Close-Up of a Decticus verrucivorus

The wart-biter (Decticus verrucivorus) is a bush-cricket in the family Tettigoniidae. Its common and scientific names derive from the eighteenth-century Swedish practice of allowing the crickets to nibble at warts to remove them.

==Description==
Adult wart-biters are 31–37 mm, with females being significantly larger than males. They are typically dark green in colour, and shiny, always with at least some dark brown mottling or blotches on the pronotum and wings; a largely dark brown morphotype also occurs, though still mottled with some green. The female has a 20 mm long and slightly upcurved ovipositor. Their colour acts as effective camouflage in grassy surroundings.

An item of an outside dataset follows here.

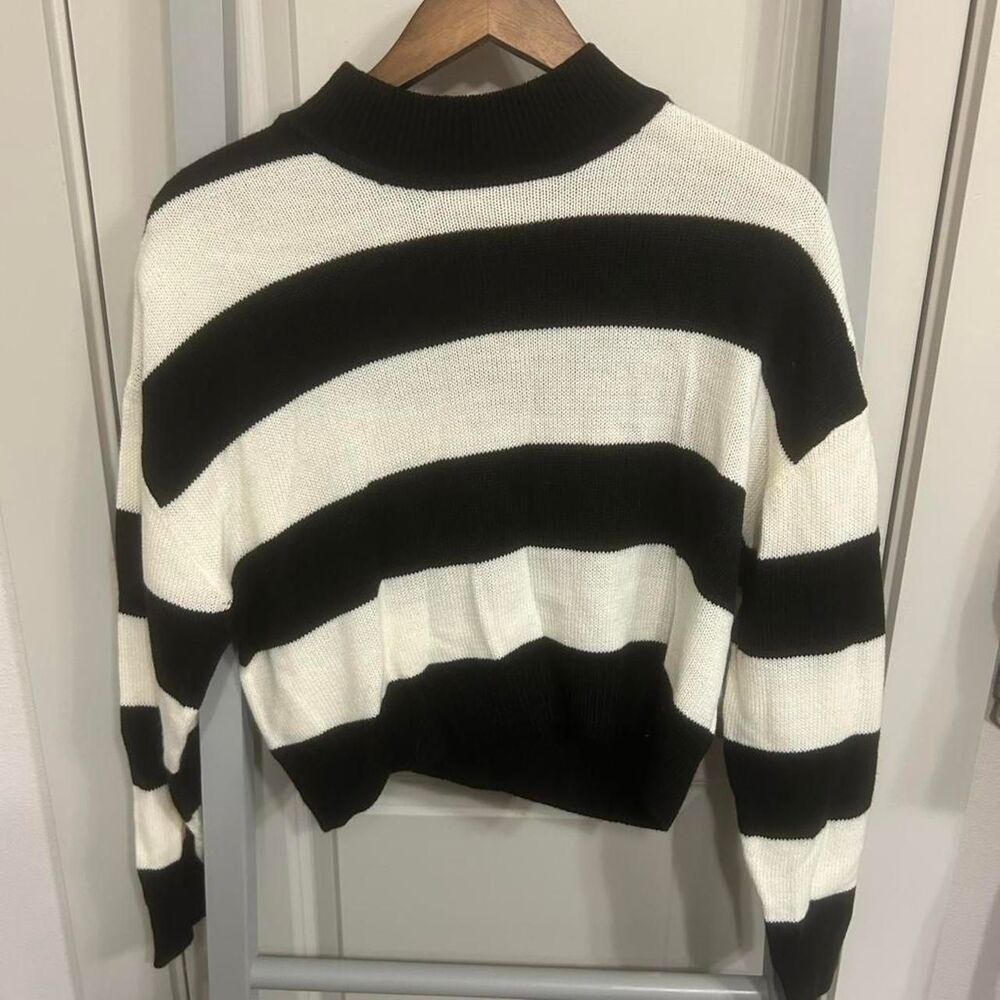 H&m Women's Black and White Striped Sweater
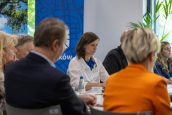 Wiceprezydentka Krakowa Maria Klaman w trakcie notowania swoich uwag w trakcie wydarzenia.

The wart-biter has a song consisting of a rapidly repeated series of short bursts of clicks starting slowly and speeding up, sometimes lasting for several minutes; it only sings in sunny weather.

Wart-biters normally move around by walking; they rarely fly, except when frightened. Most can only fly 3 to 4 m at a time.

==Subspecies==
The Orthoptera Species File lists:
- D. verrucivorus assiduus Ingrisch, Willemse & Heller, 1992
- D. verrucivorus brevipennis Götz, 1970
- D. verrucivorus crassus Götz, 1970
- D. verrucivorus gracilis Uvarov, 1930
- D. verrucivorus latipennis Liu, Chen & Liu, 2020
- D. verrucivorus longipennis Nedelkov, 1907
- D. verrucivorus mithati Ramme, 1939
- D. verrucivorus monspeliensis Rambur, 1838
- D. verrucivorus sayram Liu, Chen & Liu, 2020
- D. verrucivorus stoljarovi Götz, 1970
- D. verrucivorus verrucivorus (Linnaeus, 1758) - nominate subspecies, to which the name 'wart-biter' belongs.

==Habitat==
The species is found in calcareous grassland and heathland habitats.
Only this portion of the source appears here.